- Interactive map of Bhanda Peeran
- Country: Pakistan
- Province: Khyber Pakhtunkhwa
- District: Mansehra
- Time zone: UTC+5 (PST)

= Banda Piran =

Banda Piran or Bhanda Peeran (Urdu: بانڈه بيران) is a village of Mansehra District in the Khyber Pakhtunkhwa province of Pakistan. The River Siran flows from north to south of the village where mostly farmers use its water for agricultural purposes.

== History ==
The Commonwealth War Graves Commission has details of a Sepoy with the surname Kachkol of the Royal Indian Army Service Corps who died in October 1943 during World War 2 in Burma - he is recorded as being the son of Nawab and Suban Jan; husband of Sosan Jan, of Banda Piran, Hazara.
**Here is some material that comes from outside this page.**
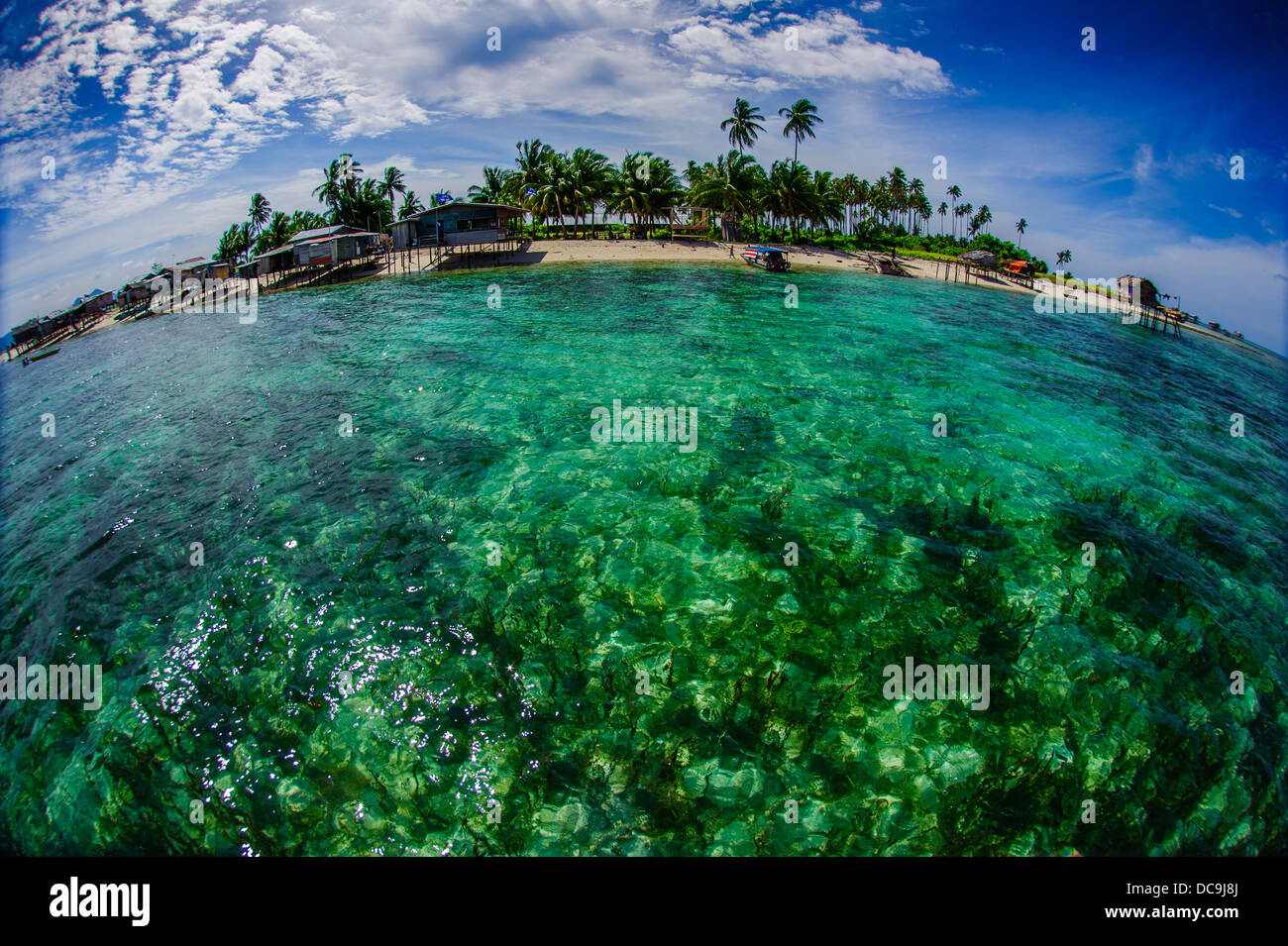 Cette photo prise lors d'un voyage à Semporna, Sabah, Malaisie. Capturés à l'aide objectif fisheye pour contourner d'effet. Banque D'Images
Following the 2005 earthquake hundreds of people in Banda Piran took to the streets in heavy rain to protest the lack of action by the government to rebuild infrastructure and also for police action to tackle rising crime.

== Etymology ==
Banda Piran, also known as Peran Da Bandha in Hindko and Peer Keeley in Pushto, means "The Land of Saints." Banda means land and piran means saints similarly peer means saint and kalay means village. Historians say that Muslim Saints used to live in this area at the beginning of the 15^{th} century.